As the NGL market has grown dramatically over recent years, producers have begun to focus more closely on whether they are required to pay royalties to their lessors on the NGLs (natural gas liquids, including ethane, propane, normal butane, isobutene, natural gasoline and other liquids) derived from their gas production. Since the rights of royalty owners and the obligations of lessees are generally governed by the royalty provisions contained in a lease, in order to determine whether a lessee is required to pay royalties either on (a) unprocessed natural gas before it is stripped of NGLs or (b) all of the processed natural gas, including residue gas and NGLs, producers should first look to the language of the underlying lease to answer the question.

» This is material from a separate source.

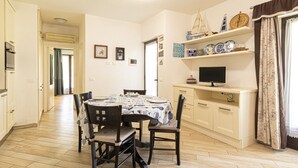 A dining area with a table set for four, surrounded by chairs. There is a television on a stand to the right. - Gardenia Apartment, centrally located, perfect for those who want to forget the car, with outdoor sp (Marina di Campo)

However, many leases are silent on whether a lessor is required to make payment on the proceeds received from the sale of, or the market value of, NGLs. Where a lease is silent on whether royalties should include the proceeds or market value of NGLs, the lessee’s obligation to pay royalties on NGLs often turns on how the term “natural gas” is defined in the lease, and where undefined, whether the applicable court would deem the term “natural gas” to include all components of natural gas, including NGLs. Recent decisions appear to support the proposition that the term “natural gas” includes all of its component parts, including NGLs. For example, in Occidental Permian v. French, 2012 WL 5351131 (Tex.App.-Eastland) (2012), the Court of Appeal of Texas, Eastland held that the sales value of a natural gas stream after the bulk of the carbon dioxide had been stripped was not a proper basis for determining the market value of such gas, as such sales value was not based on all components of the natural gas stream. Broad definitions of the term “natural gas” are also supported by Exxon Mobil Corporation v. Wyoming, 219 P.3d 128, 145 (2009) in which the Supreme Court of Wyoming held that “methane, carbon dioxide, and sulfur are all…included within the definition of natural gas,” and Enervest Operating, LLC v. Sebastian Mining, LLC, 676 F.3d 1144, 1147 (2012), in which the United States Court of Appeals for the Eighth Circuit held that “CBM falls squarely within the definition of natural gas, a ‘gas issuing from the earth’s crust through natural openings or bored wells’ especially a combustible mixture of methane and other hydrocarbons.” Thus, to the extent a lessee is required to pay royalties on “natural gas,” recent decisions appear to support lessors’ claims that they are entitled to payment of royalties in a manner that accounts for all of the components of natural gas, including NGLs. If such lessees fail to make royalty payments based on the proceeds or market value of NGLs processed from their gas production, such lessees run the risk of substantial penalties and lease termination claims. Accordingly, producers must give special care to a review of their existing leases and to a review of the royalty provisions in any leases prior to acquiring such leases in any E&P purchase and sale transaction.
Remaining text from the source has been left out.